COMMENTARY

Vaccine-Induced Myocarditis Concerns Demand Respect, Not Absolutism

John Mandrola, MD

Disclosures

July 01, 2021

Editor's note: Find the latest COVID-19 news and guidance in Medscape's Coronavirus Resource Center.

For the first half of 2021, the mRNA vaccines looked to be near perfect. The trials reported more than 90% efficacy for the Pfizer and Moderna vaccines.
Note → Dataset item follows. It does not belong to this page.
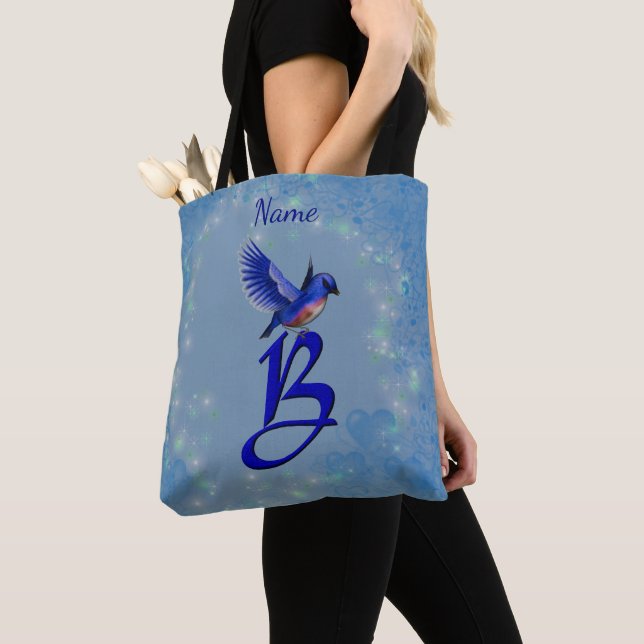 Blåfågelmonogram initial B Personlig Tygkasse (Närbild)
Both provided near 100% prevention of severe COVID-19 and after hundreds of millions of adults received the shots, no signal of harm emerged.

I, like any rational person, see a positive benefit-harm ratio from the vaccines for adults.

Younger People?

After a "positive" trial in which just over 1100 kids aged 12 to 15 years received an mRNA vaccine, a movement arose to vaccinate young and old alike. I put "positive" in quotes for two reasons:  The first is that this trial measured noninferiority of the immune response, not clinical outcomes. That was necessary because so few kids get sick with COVID-19. The other reason is that the authors claimed a favorable safety profile, but 1100 kids is not enough to inform the safety of a vaccine that will be given to many millions.

Then came a signal of myocarditis in young people, then another, and another, and now one in slightly older (median age, 25 years) military recruits. These reports complicate matters because young people have the lowest risk from COVID-19.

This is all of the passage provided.